Australia’s beloved roots music band The Waifs were clearly the headliners, making an overdue debut in Santa Barbara, 13 years after forming. Led by the the sisters Simpson, Vikki and Donna, and with a critical third wheel in guitarist Josh Cunningham, The Waifs offered plenty to admire and brood and celebrate about.
But this evening’s openers weren’t just a casual forethought, between spunky-brainy singer-songwriter-guitarist Erin McKeown — who has been on tour with The Waifs and shared the stage with them for a few tunes — and Missourian-turned-Nashville songwriter Jeff Black. Each artist on the bill occupied a different niche in the music scene.
Bostonian McKeown comes from her idiosyncratic personal and more-or-less commercially suicidal place, gifted with quirky, intelligent songwriting, delightfully left-of-center melodies and a dazzling guitar technique to boot. Closer to center, Black, one of those Nashville songsmiths who sell songs for a living but also pursue a personal creative path, writes serious songs, in contrast to his giddily ironic between-song banter.
There’s no band quite like The Waifs, organically formed in a small town in Western Australia and now belonging to the world.
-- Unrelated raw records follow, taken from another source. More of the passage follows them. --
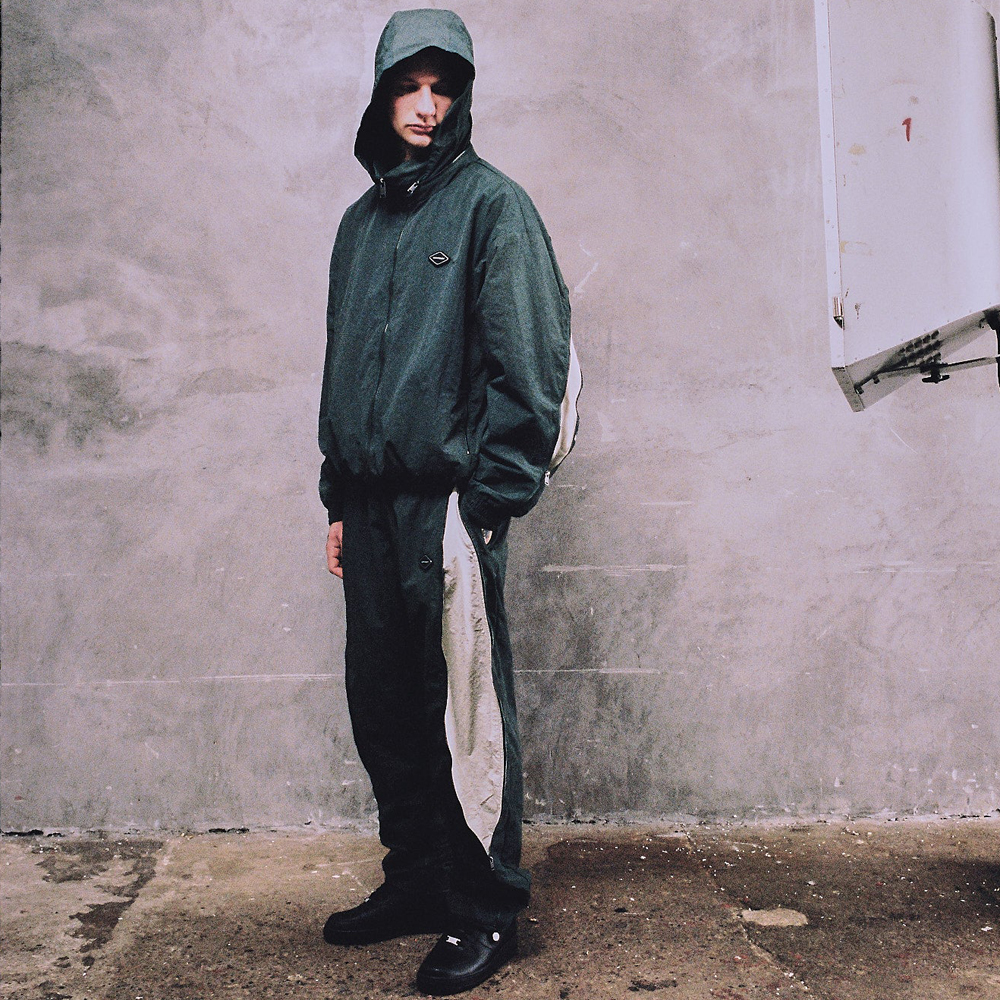 UNKNOWN LONDON(アンノウン・ロンドン)商品ページ - Zip Panel Track Pants - Green -  VENTURER(ベンチュラー)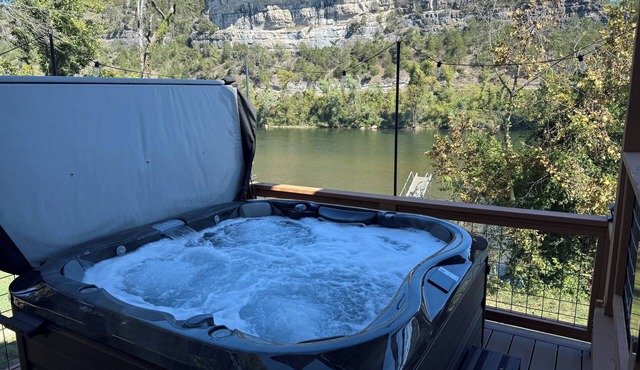Luxury Riverfront Lodge Fishing, Hot Tub & White River Access and Ozark Views” in Norfork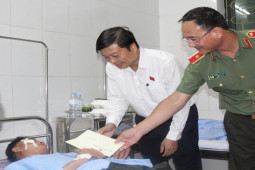 Pháp luật - Sức khoẻ của 5 cảnh sát bị tấn công khi làm nhiệm vụ ở Nghệ An giờ ra sao?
They have slowly worked their way into international cult fandom, without trying beyond incessant touring and creating such stirring albums as “Shelter Me” and last year’s powerful “Up All Night.”
Life under the radar continues, but they’re poking their lovely heads up in public in various ways. Last year, one of their heroes, Bob Dylan, invited them on tour for a few months, a high point they commemorated at the Lobero with a luminous cover version of “Don’t Think Twice, It’s Alright.”
At times, they work up a flowing jam energy, with tentacles to the jamster mothership of the Grateful Dead’s influence, but also boast sturdy, thoughtful songcraft. The Lobero set included “Highway One” (yes, California’s beloved highway) and Cunningham’s song “Lighthouse,” introduced with a snippet of “Wayfaring Stranger,” for tradition-tapping’s sake. New songs keep coming, up through a brand-new song about their “war bride” grandmother, “Bridal Train,” part of a forthcoming live album, “A Brief History … ,” nodding to their path so far.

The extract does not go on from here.